About this task → Restate word for word the lines in the listing below, starting at the line containing "Tolima impulsa modelo" and ending at the line containing "Red-breasted Pygmy Parrot", both included; leave out the rest.

Raw data →

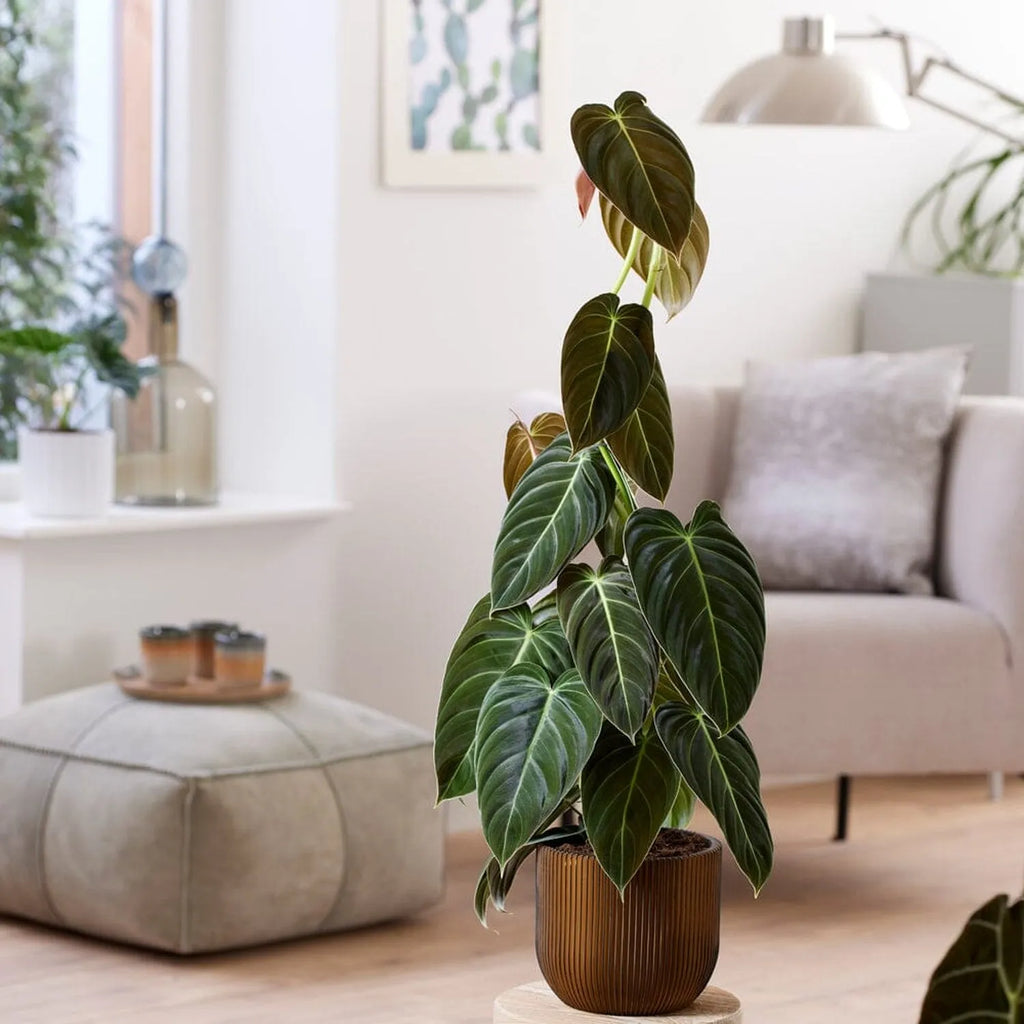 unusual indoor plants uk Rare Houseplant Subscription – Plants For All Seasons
==
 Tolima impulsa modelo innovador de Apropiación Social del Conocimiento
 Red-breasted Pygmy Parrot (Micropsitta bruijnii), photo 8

Response →
 Tolima impulsa modelo innovador de Apropiación Social del Conocimiento
 Red-breasted Pygmy Parrot (Micropsitta bruijnii), photo 8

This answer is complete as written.